Like any good RPG, the actual game is played out through hundreds upon hundreds of repetitive battles. Here, Xenogears is…eh. It’s okay. Not great. But okay. They’ve got a system where rather than enter the “fight” command a half a million times until the game ends, you mix up weak, medium, and strong attacks until your action points run out. Really, it doesn’t matter what you throw at 90% of the enemies—all you’re doing is teaching characters special deathblow combos or simply using the combos. I guess it’s better than your typical RPG. Magic in Xenogears is very much like a bedpan: it has some creative applications, but you’ll probably never want to use it unless you’re healing.
Xenogears also employs a secondary battle system for gear fights.

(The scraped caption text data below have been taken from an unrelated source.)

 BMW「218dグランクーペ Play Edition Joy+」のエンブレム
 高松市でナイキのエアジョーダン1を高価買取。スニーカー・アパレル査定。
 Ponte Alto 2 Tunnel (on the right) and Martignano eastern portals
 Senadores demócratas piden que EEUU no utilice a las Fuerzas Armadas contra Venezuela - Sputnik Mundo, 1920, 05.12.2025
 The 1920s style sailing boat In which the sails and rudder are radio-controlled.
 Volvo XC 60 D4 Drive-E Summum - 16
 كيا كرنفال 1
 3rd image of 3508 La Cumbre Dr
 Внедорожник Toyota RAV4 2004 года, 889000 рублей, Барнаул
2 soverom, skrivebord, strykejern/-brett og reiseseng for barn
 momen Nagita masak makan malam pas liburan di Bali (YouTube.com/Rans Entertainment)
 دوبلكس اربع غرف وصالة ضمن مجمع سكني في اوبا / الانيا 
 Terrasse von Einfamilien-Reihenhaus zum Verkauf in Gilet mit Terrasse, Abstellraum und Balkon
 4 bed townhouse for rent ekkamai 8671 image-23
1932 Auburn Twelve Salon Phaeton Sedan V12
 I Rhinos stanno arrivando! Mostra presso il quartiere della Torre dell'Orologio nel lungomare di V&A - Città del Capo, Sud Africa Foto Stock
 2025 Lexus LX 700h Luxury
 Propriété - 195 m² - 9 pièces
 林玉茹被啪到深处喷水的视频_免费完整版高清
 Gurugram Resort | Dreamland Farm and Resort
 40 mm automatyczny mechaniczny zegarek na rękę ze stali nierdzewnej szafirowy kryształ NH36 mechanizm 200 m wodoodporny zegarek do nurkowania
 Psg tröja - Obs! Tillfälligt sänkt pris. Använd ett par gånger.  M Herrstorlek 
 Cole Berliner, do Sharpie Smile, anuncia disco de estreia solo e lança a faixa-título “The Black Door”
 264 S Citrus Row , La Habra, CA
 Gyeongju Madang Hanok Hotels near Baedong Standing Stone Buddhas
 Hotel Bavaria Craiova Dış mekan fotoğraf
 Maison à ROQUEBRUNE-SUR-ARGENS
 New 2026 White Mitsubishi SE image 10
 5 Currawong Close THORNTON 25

Rather than using up AP over a single turn, gears are fueled up and slowly deplete this fuel over the course of a dungeon. They can sacrifice a turn in battle to charge a small amount, which somehow is a feature they can’t use outside of battle. It’s like if you could only recharge your phone one percent at a time while in your car, idling in the fast lane of the freeway (functionality which I hear is coming in the next model iPhone). Gear battles take a little more thought than character battles since you can’t level-up your mechs. So just to lay this out here, your gear can only charge when its being attacked, it can fly in cut scenes but can’t reach a treasure box on the top shelf when under your control, but Squaresoft drew the line at a robot getting stronger through experience points. That somehow would have shattered suspension of disbelief? Meh. Whatever. The gear battles are difficult because you’re limited to the upgrades you can purchase in shops and three equipment slots, but once you lose to a major boss, you know what attacks to prep for and can equip your gear properly. The only downside is it requires you to either play through the game once or, you know…die…in order to have a decent shot at winning.
But quite honestly, any of the games combat flaws slide by virtually unnoticed because of how fluid and compelling the story is. So let’s get on it, Square. Time for a remake already!